## What the task requires
Transcribe the records below in their entirety, and leave out each image.

## Records shown

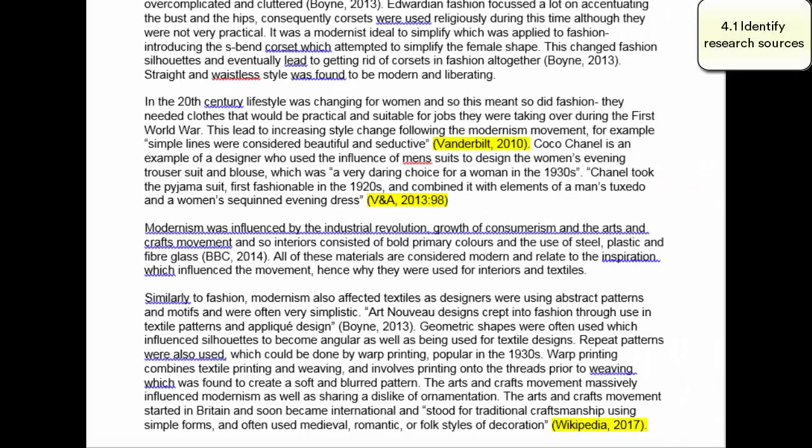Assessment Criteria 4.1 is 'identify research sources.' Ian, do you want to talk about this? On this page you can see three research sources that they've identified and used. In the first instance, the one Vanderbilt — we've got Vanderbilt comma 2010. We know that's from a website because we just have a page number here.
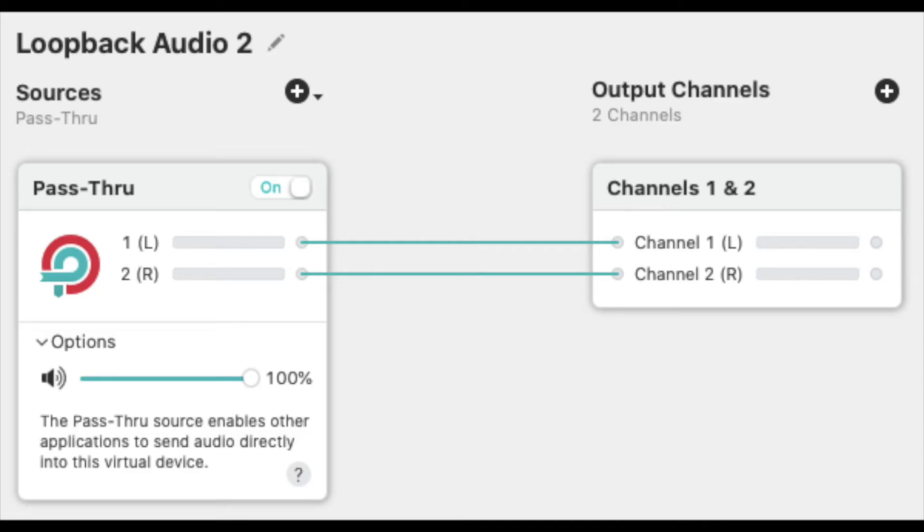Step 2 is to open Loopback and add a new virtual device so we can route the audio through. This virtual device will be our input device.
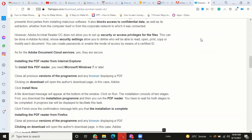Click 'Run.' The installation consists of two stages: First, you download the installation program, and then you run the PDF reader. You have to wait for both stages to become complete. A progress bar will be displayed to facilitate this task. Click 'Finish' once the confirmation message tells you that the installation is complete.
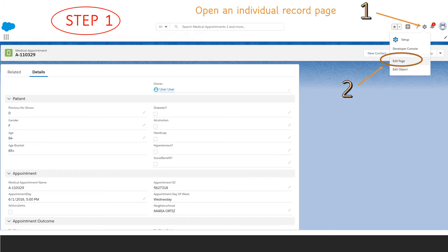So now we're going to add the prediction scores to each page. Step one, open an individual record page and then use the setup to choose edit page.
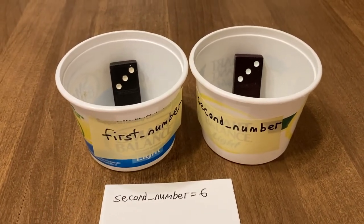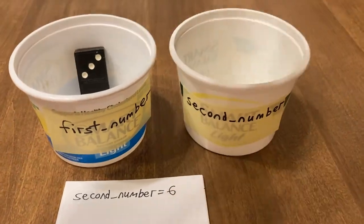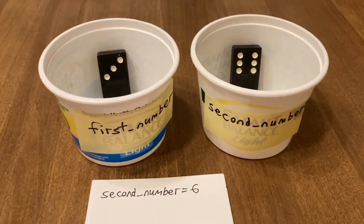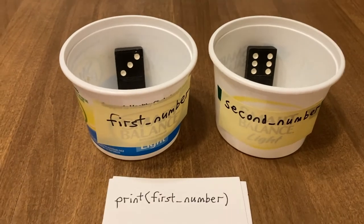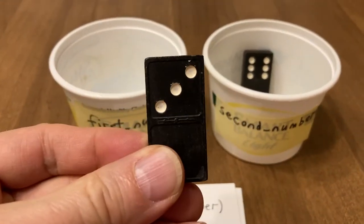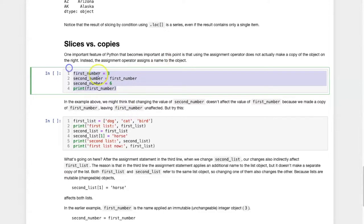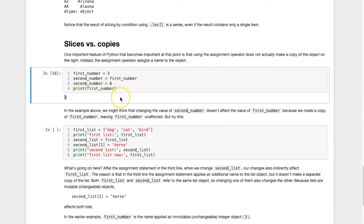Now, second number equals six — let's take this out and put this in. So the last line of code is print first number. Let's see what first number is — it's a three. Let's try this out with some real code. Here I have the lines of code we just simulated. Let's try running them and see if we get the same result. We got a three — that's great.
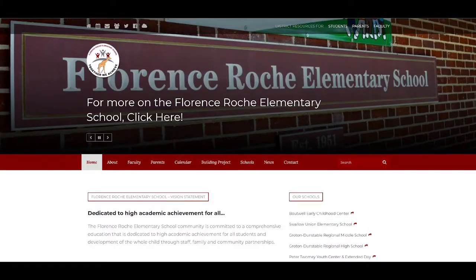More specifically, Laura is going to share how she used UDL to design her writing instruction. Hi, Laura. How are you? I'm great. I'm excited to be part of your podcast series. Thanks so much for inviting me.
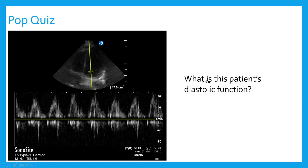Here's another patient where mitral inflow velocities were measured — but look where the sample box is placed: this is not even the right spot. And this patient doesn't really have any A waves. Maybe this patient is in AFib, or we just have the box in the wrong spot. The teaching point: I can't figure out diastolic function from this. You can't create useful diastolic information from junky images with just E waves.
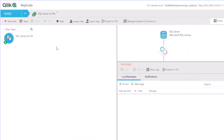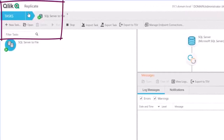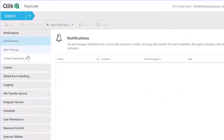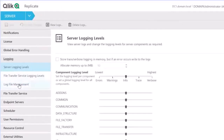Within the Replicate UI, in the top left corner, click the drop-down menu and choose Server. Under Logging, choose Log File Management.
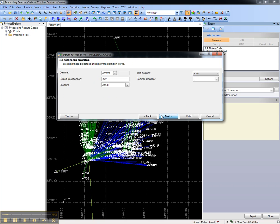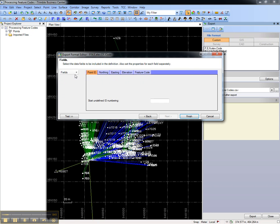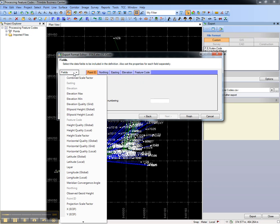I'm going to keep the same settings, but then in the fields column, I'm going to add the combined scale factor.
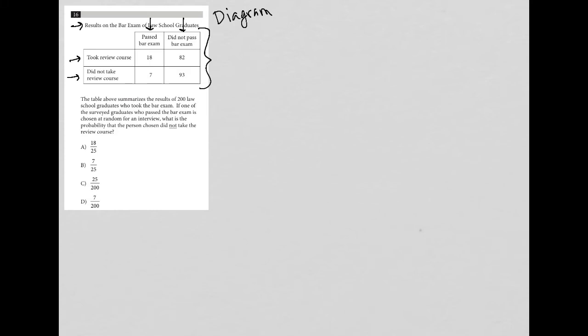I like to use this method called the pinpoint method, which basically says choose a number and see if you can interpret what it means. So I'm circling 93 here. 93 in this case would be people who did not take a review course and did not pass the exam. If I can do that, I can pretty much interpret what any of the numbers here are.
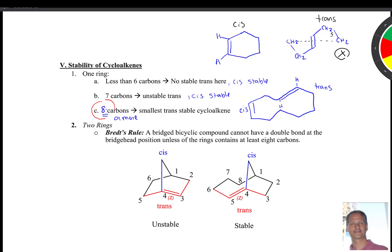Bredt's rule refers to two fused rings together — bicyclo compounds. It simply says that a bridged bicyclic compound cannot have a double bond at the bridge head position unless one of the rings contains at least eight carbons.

## Solution below
Assessment Criteria 4.1 is 'identify research sources.' Ian, do you want to talk about this? On this page you can see three research sources that they've identified and used. In the first instance, the one Vanderbilt — we've got Vanderbilt comma 2010. We know that's from a website because we just have a page number here.
Step 2 is to open Loopback and add a new virtual device so we can route the audio through. This virtual device will be our input device.
Click 'Run.' The installation consists of two stages: First, you download the installation program, and then you run the PDF reader. You have to wait for both stages to become complete. A progress bar will be displayed to facilitate this task. Click 'Finish' once the confirmation message tells you that the installation is complete.
So now we're going to add the prediction scores to each page. Step one, open an individual record page and then use the setup to choose edit page.
Now, second number equals six — let's take this out and put this in. So the last line of code is print first number. Let's see what first number is — it's a three. Let's try this out with some real code. Here I have the lines of code we just simulated. Let's try running them and see if we get the same result. We got a three — that's great.
More specifically, Laura is going to share how she used UDL to design her writing instruction. Hi, Laura. How are you? I'm great. I'm excited to be part of your podcast series. Thanks so much for inviting me.
Here's another patient where mitral inflow velocities were measured — but look where the sample box is placed: this is not even the right spot. And this patient doesn't really have any A waves. Maybe this patient is in AFib, or we just have the box in the wrong spot. The teaching point: I can't figure out diastolic function from this. You can't create useful diastolic information from junky images with just E waves.
Within the Replicate UI, in the top left corner, click the drop-down menu and choose Server. Under Logging, choose Log File Management.
I'm going to keep the same settings, but then in the fields column, I'm going to add the combined scale factor.
I like to use this method called the pinpoint method, which basically says choose a number and see if you can interpret what it means. So I'm circling 93 here. 93 in this case would be people who did not take a review course and did not pass the exam. If I can do that, I can pretty much interpret what any of the numbers here are.
Bredt's rule refers to two fused rings together — bicyclo compounds. It simply says that a bridged bicyclic compound cannot have a double bond at the bridge head position unless one of the rings contains at least eight carbons.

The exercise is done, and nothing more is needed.